Updated: Sep 10, 2019

Theme 7: Macroeconomics Policies

Topic: Expansionary Monetary Policy

Relevance: H1 and H2 Economics

Introduction:

Government can introduce demand management policy of monetary fiscal policy through the central bank to achieve its macroeconomic goals of economic growth and lower unemployment.


Expansionary monetary policy could include increasing the money supply or decreasing the interest rate. A central bank can increase the money supply, would is the amount of money circulating the economy through the use of measures such as purchasing bonds or lending money to financial institutions, decreasing the reserve ratio requirements of commercial banks or decreasing interest rate directly.


When money supply increases, interest rate would decrease. This would lead to a decrease in the cost of borrowing. Firms and entrepreneurs would have more incentive to borrow for investment (I). Households would also be more inclined to borrow and increase consumption expenditure (C), especially on big ticket items such as cars and houses. Decrease in interest rate would also decrease the return of savings therefore reducing household’s willingness to save which will contribute to increase in consumption.
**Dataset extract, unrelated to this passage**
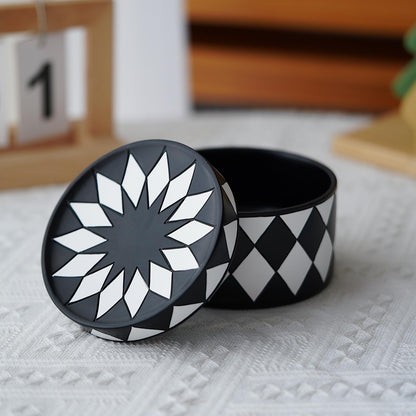 Cmrweio Decorative Storage Box with Lid, Black and white checkerboard Jewelry Box, Modern Round Decorative Box for Dresser, Coffee Table, Entryway Ideal for Jewelry, Trinkets And Small Accessories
Increase in consumption expenditure (C) and investment expenditure (I) would lead to an increase in aggregate demand and the aggregate demand curve to shift right from ADOriginal to ADNew in Figure 1.

Figure 1: Increase in Aggregate Demand

When aggregate demand increases, there will be excess demand in the short run at original price level P0 as aggregate demand is more than aggregate supply. This will lead to unplanned shortage of inventories and hence induce firms to increase their output level in the next period leading to an increase in the real national income via the multiplier effect from YO to YN and inflation as general price level increases from P0 to PN. As real output increases, firms would employ more resources such as labour, resulting in an increase in demand of labour. Increase in demand of labour will lead to a fall in unemployment,

especially demand-deficient unemployment. Therefore, expansionary fiscal policy would result an increase in real national income, decrease in unemployment but also inflation as general price level increased.



Advantages of using Expansionary Monetary Policy

  • Monetary policy involves financial institutions like banks which are the main financial intermediaries in any economy. These banks subsequently influence consumption and investment decisions which exert large impacts on the economy.

  • Expansionary Monetary Policy does not negatively affect government’s fiscal position as it doesn’t negative affect tax revenue or government spending.

  • Interest rate and money supply are flexible and can be adjusted over time more easily.

  • Expansionary Monetary Policy can be used as a long term or sustainable policy.

  • Expansionary Monetary Policy increase employment and decreases unemployment.

  • Situation for country with a larger multiplier size as real income will increase more compared to another country with a smaller multiplier.

  • The effectiveness of Expansionary monetary policy depends on the interest elasticity of demand for loans. If the demand for loans is interest elastic, expansionary monetary policy will be more effective.

Disadvantages of using Expansionary Monetary Policy

  • Increase in AD would result in an increase in GPL or Inflation which will have adverse impact on the economy.

  • Not situation for country with a smaller multiplier size as real income will increase lesser compared to another country with a larger multiplier.

  • Expansionary Monetary Policy does not suit economies with a fixed exchange rate system.

  • Expansionary Monetary Policy does not suit economies open to capital flows.

  • The effectiveness of Expansionary monetary policy depends on the interest elasticity of demand for loans. If the demand for loans is interest inelastic, expansionary monetary policy will be less effective.

  • Consumption and investment decision depends on many factors other than interest rates such as political stability, market conditions and outlook.